**Records for processing**
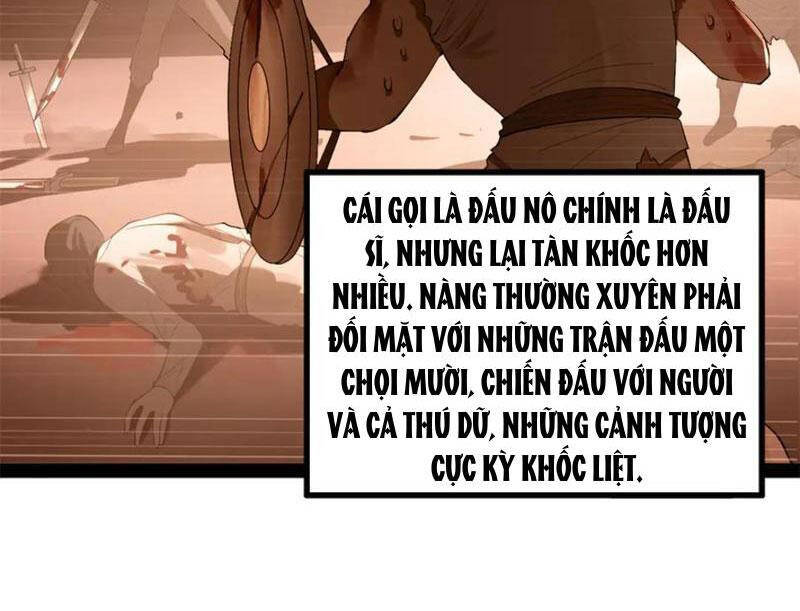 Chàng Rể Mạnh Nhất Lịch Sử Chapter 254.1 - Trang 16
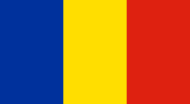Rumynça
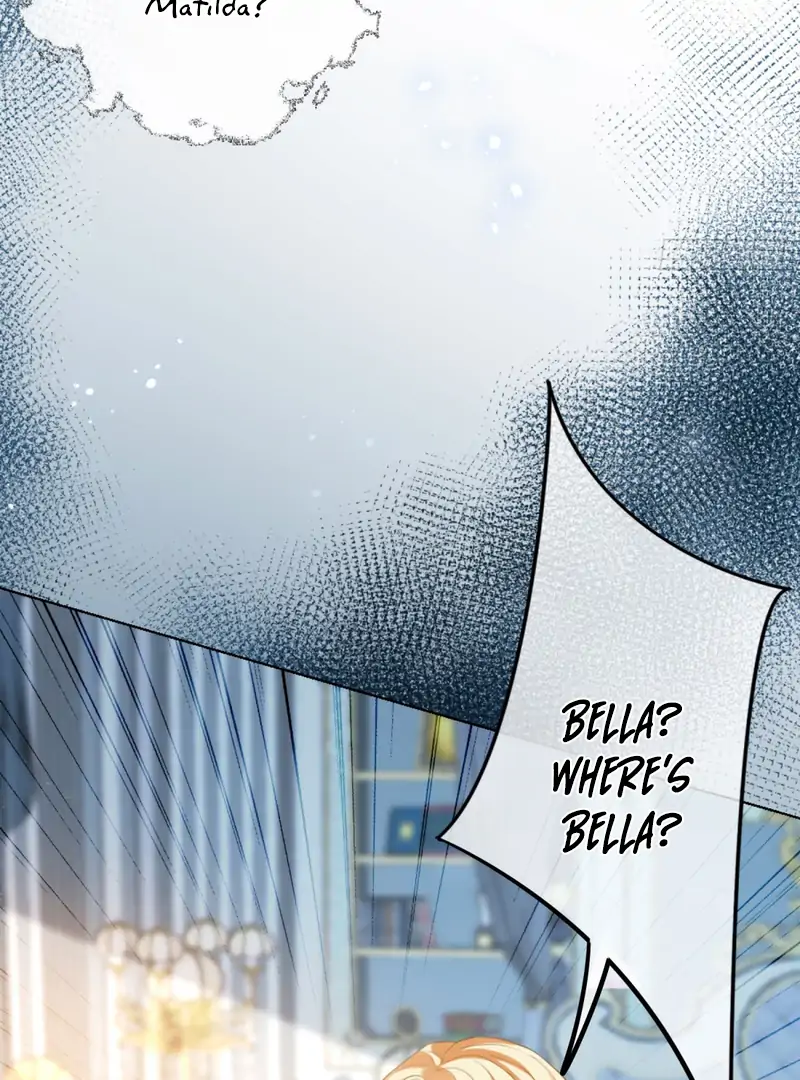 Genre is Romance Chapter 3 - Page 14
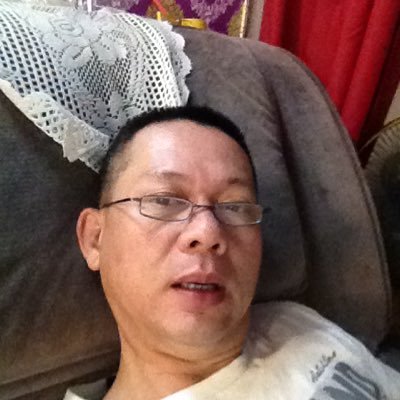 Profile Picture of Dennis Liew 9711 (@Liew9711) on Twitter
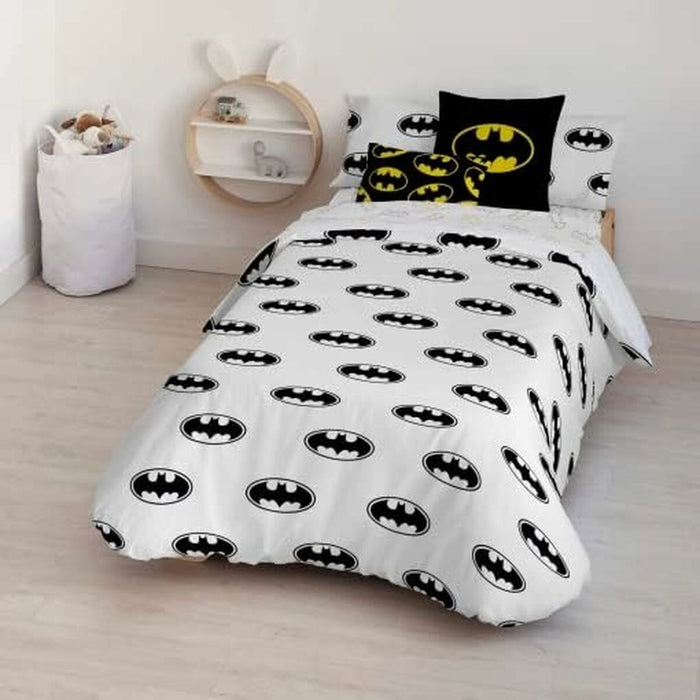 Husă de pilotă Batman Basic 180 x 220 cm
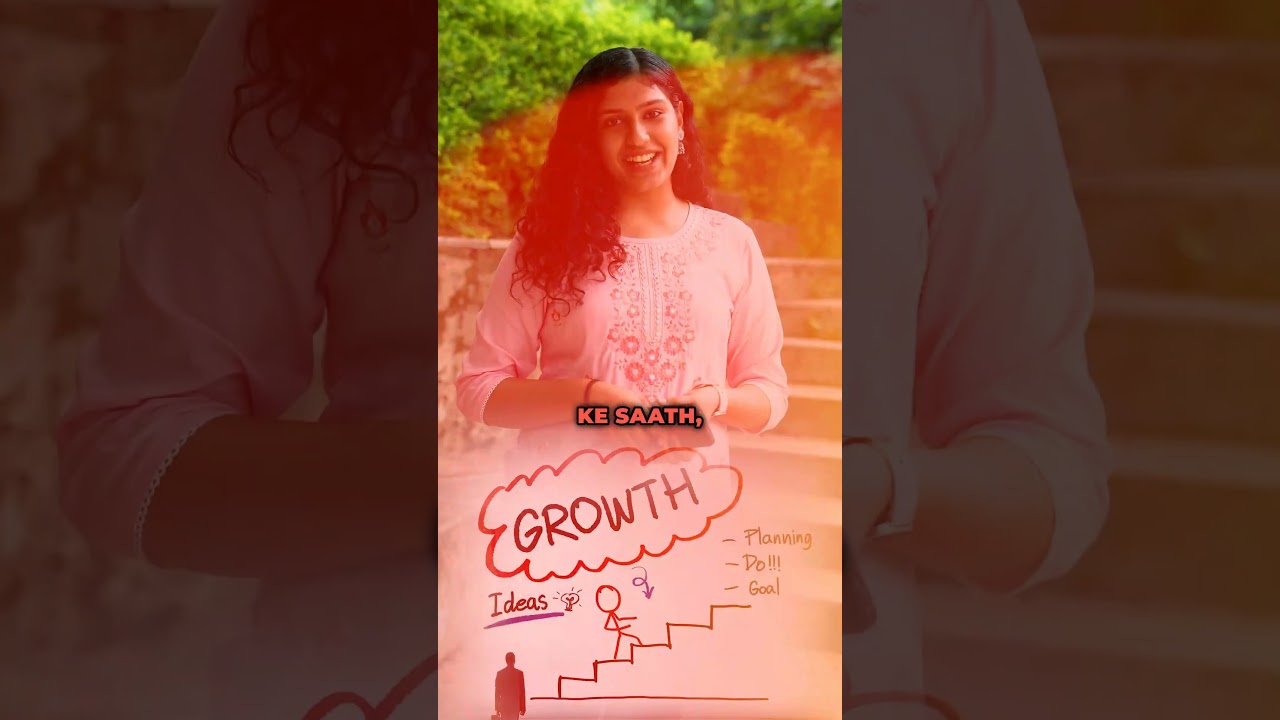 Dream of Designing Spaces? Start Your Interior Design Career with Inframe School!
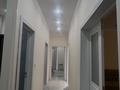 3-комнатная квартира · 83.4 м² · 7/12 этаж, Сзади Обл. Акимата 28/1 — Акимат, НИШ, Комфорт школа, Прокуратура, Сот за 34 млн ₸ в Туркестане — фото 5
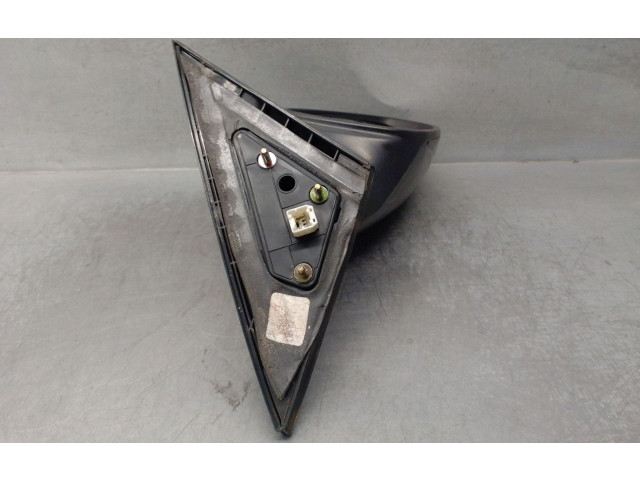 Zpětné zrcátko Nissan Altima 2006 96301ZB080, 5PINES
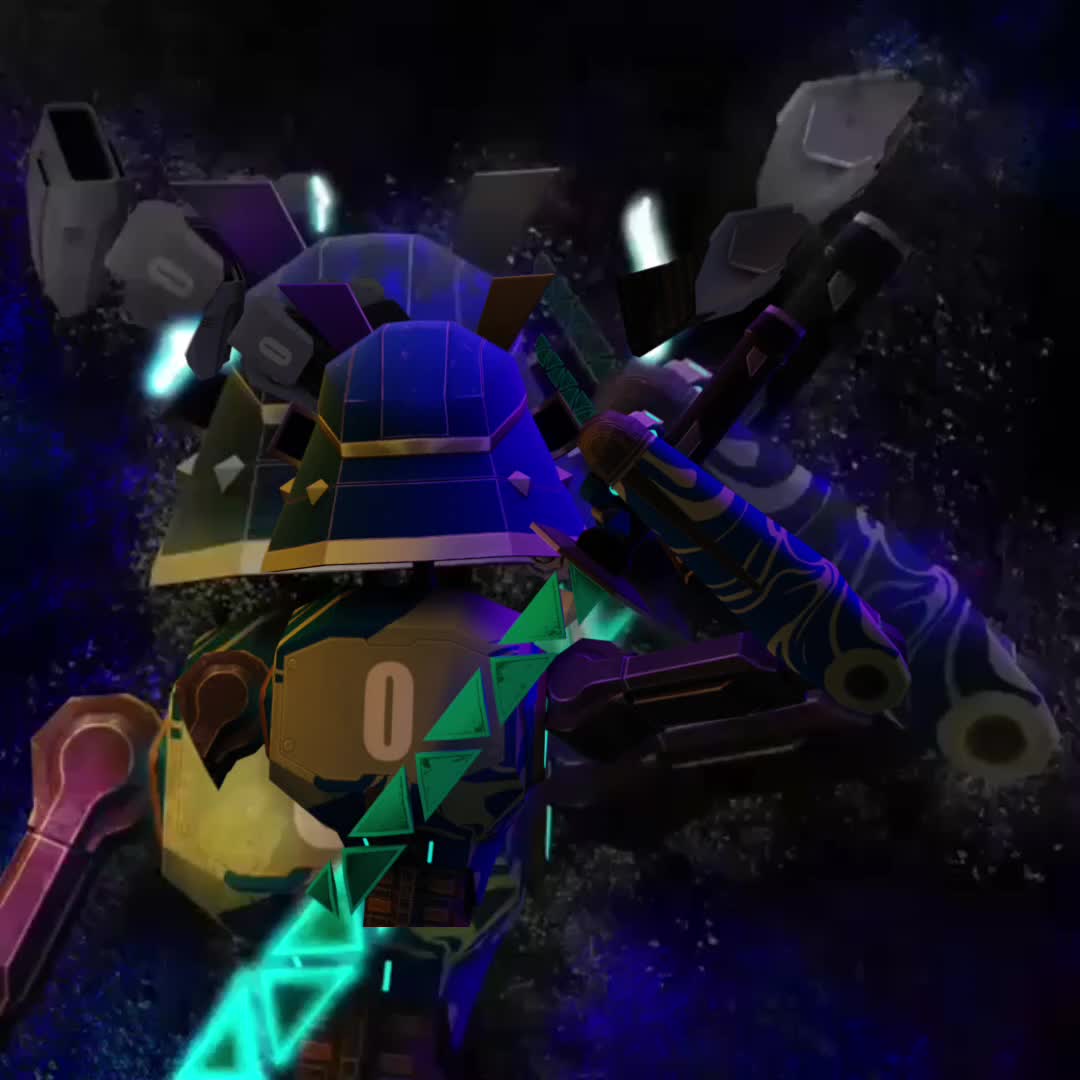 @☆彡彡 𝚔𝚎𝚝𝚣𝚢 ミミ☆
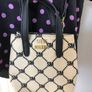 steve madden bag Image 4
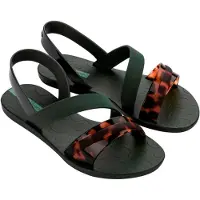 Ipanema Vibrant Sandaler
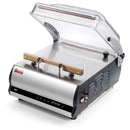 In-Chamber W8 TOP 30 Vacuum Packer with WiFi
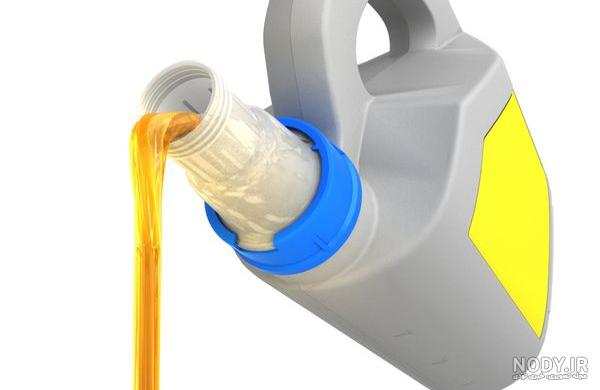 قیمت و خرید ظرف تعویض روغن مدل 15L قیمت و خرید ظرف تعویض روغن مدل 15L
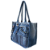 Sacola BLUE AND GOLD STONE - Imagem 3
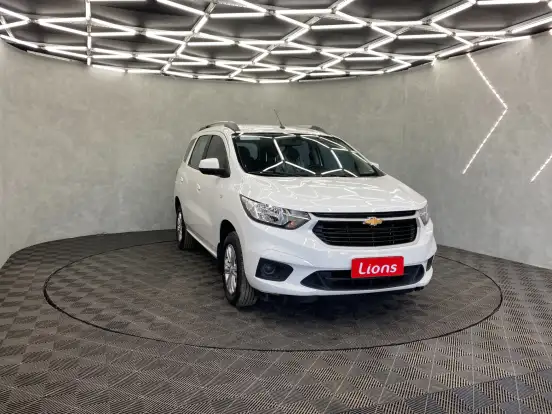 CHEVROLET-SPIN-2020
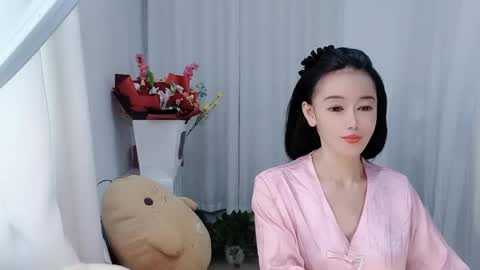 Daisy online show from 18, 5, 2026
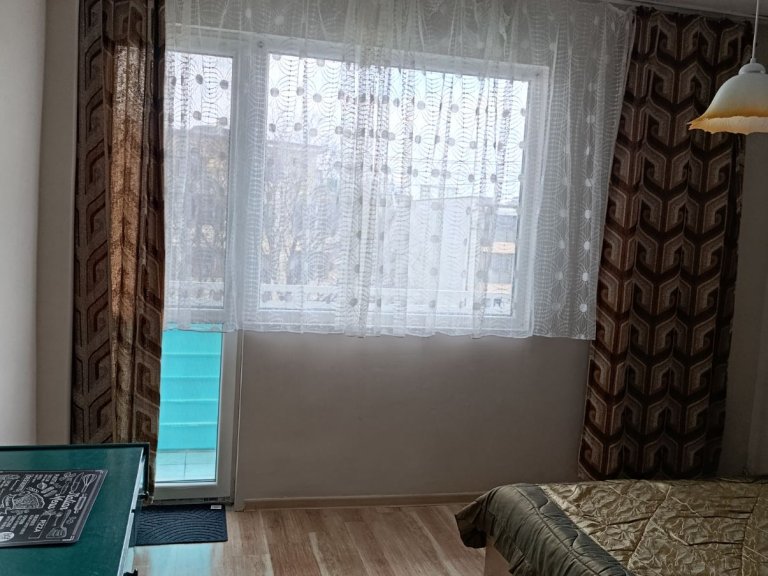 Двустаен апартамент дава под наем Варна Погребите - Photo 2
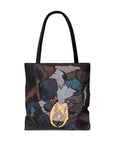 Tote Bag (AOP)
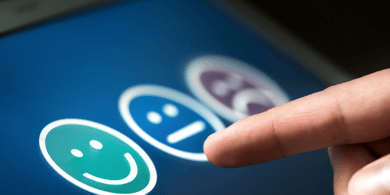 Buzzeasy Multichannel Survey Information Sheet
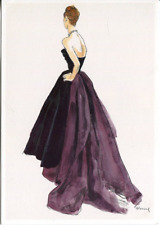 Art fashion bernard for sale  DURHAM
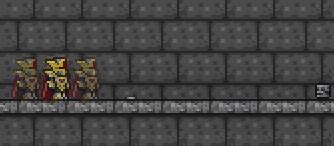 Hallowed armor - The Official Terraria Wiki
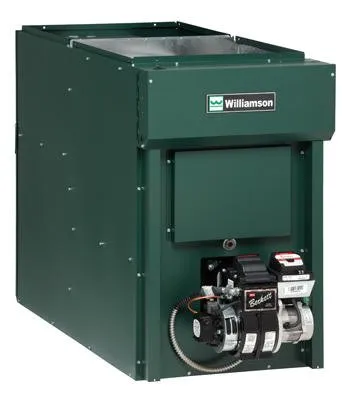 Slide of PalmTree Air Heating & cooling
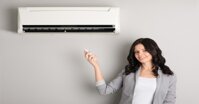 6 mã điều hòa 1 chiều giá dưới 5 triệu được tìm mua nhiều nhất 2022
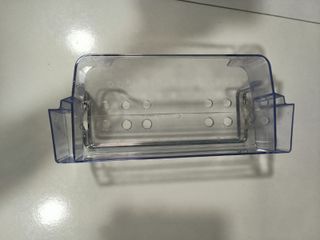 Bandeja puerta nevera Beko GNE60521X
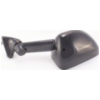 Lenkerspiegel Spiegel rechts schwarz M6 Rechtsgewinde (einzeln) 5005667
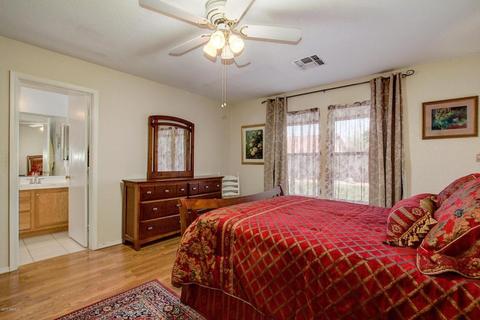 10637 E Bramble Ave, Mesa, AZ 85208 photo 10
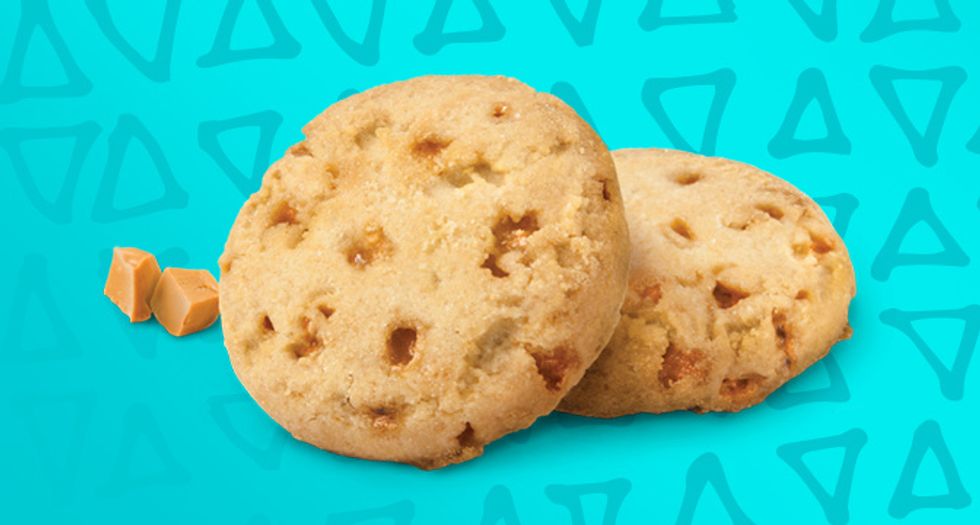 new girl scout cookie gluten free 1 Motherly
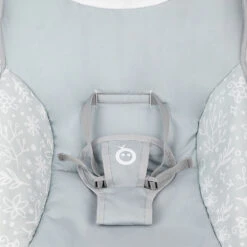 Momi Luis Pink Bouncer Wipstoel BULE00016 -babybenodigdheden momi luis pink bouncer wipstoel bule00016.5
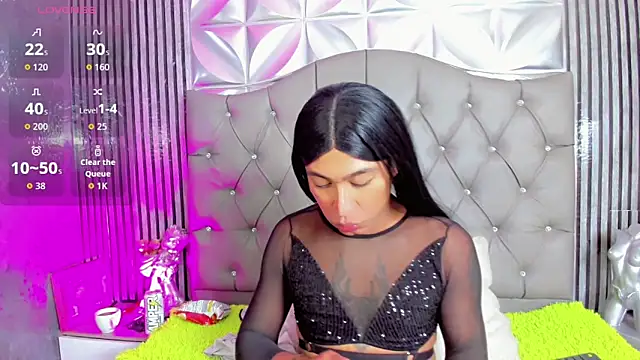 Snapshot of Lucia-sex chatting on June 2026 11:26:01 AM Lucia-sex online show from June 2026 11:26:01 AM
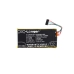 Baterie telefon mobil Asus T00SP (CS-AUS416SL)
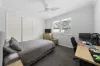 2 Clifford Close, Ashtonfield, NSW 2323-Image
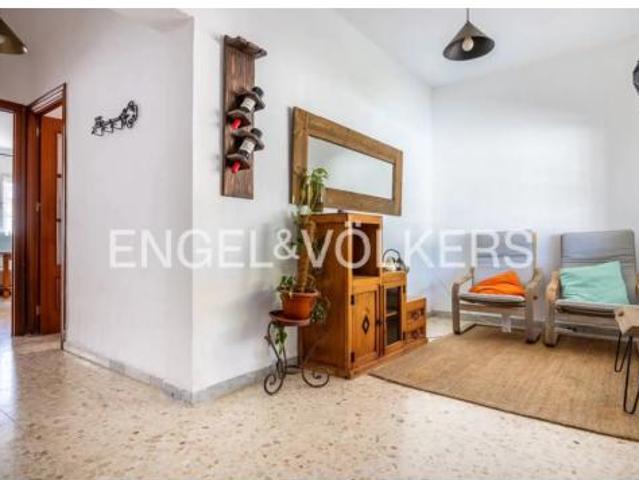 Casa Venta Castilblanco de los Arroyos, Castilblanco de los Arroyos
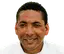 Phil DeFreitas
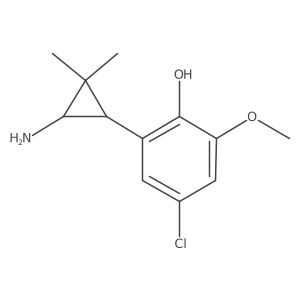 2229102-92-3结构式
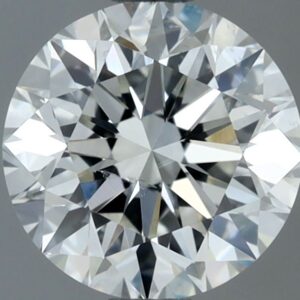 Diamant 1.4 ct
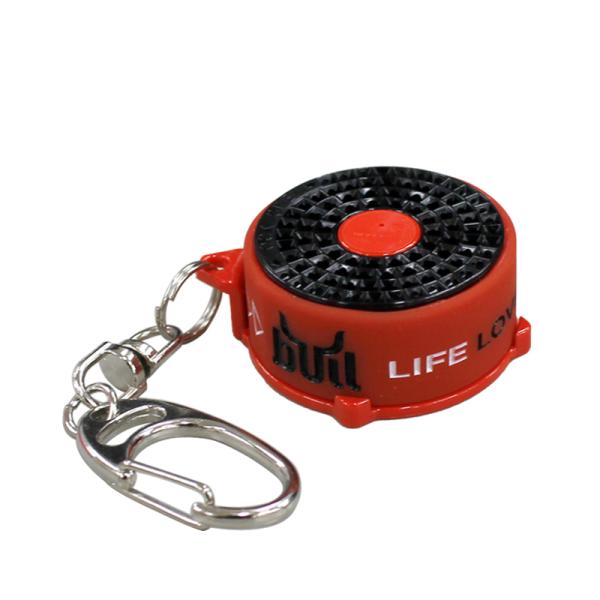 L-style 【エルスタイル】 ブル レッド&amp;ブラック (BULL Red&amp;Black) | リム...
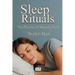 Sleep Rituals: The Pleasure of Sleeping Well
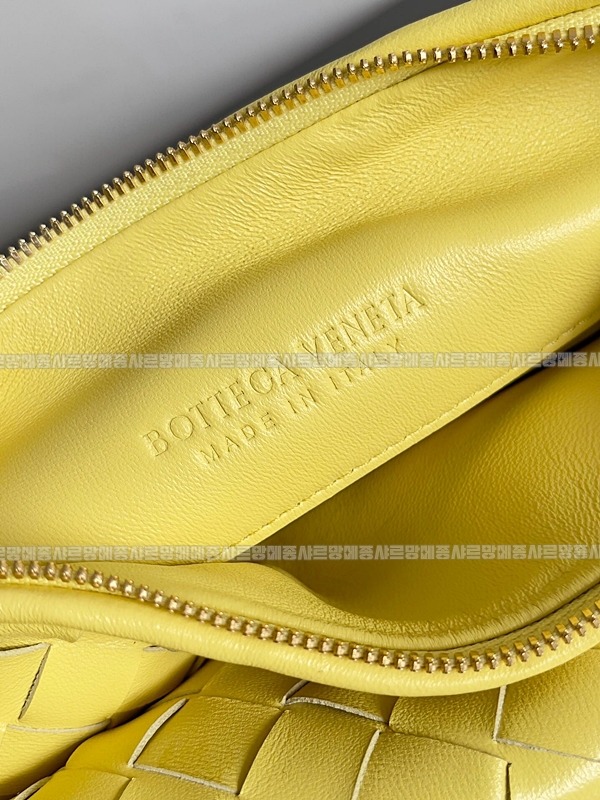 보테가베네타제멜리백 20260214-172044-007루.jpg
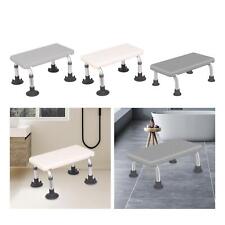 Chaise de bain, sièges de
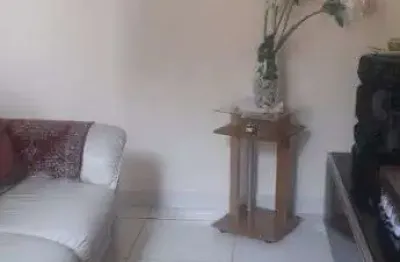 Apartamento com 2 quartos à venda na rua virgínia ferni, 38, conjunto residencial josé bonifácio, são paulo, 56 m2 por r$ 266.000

**Exercise details**
In the records above, find the line with "Genre is Romance Chapter 3 - Page 14". Print exactly from there through the line with "Phil DeFreitas", minus the pictures.

**Answer for this exercise**
 Genre is Romance Chapter 3 - Page 14
 Profile Picture of Dennis Liew 9711 (@Liew9711) on Twitter
 Husă de pilotă Batman Basic 180 x 220 cm
 Dream of Designing Spaces? Start Your Interior Design Career with Inframe School!
 3-комнатная квартира · 83.4 м² · 7/12 этаж, Сзади Обл. Акимата 28/1 — Акимат, НИШ, Комфорт школа, Прокуратура, Сот за 34 млн ₸ в Туркестане — фото 5
 Zpětné zrcátko Nissan Altima 2006 96301ZB080, 5PINES
 @☆彡彡 𝚔𝚎𝚝𝚣𝚢 ミミ☆
 steve madden bag Image 4
 Ipanema Vibrant Sandaler
 In-Chamber W8 TOP 30 Vacuum Packer with WiFi
 قیمت و خرید ظرف تعویض روغن مدل 15L قیمت و خرید ظرف تعویض روغن مدل 15L
 Sacola BLUE AND GOLD STONE - Imagem 3
 CHEVROLET-SPIN-2020
 Daisy online show from 18, 5, 2026
 Двустаен апартамент дава под наем Варна Погребите - Photo 2
 Tote Bag (AOP)
 Buzzeasy Multichannel Survey Information Sheet
 Art fashion bernard for sale  DURHAM
 Hallowed armor - The Official Terraria Wiki
 Slide of PalmTree Air Heating & cooling
 6 mã điều hòa 1 chiều giá dưới 5 triệu được tìm mua nhiều nhất 2022
 Bandeja puerta nevera Beko GNE60521X
 Lenkerspiegel Spiegel rechts schwarz M6 Rechtsgewinde (einzeln) 5005667
 10637 E Bramble Ave, Mesa, AZ 85208 photo 10
 new girl scout cookie gluten free 1 Motherly
 Momi Luis Pink Bouncer Wipstoel BULE00016 -babybenodigdheden momi luis pink bouncer wipstoel bule00016.5
 Snapshot of Lucia-sex chatting on June 2026 11:26:01 AM Lucia-sex online show from June 2026 11:26:01 AM
 Baterie telefon mobil Asus T00SP (CS-AUS416SL)
 2 Clifford Close, Ashtonfield, NSW 2323-Image
 Casa Venta Castilblanco de los Arroyos, Castilblanco de los Arroyos
 Phil DeFreitas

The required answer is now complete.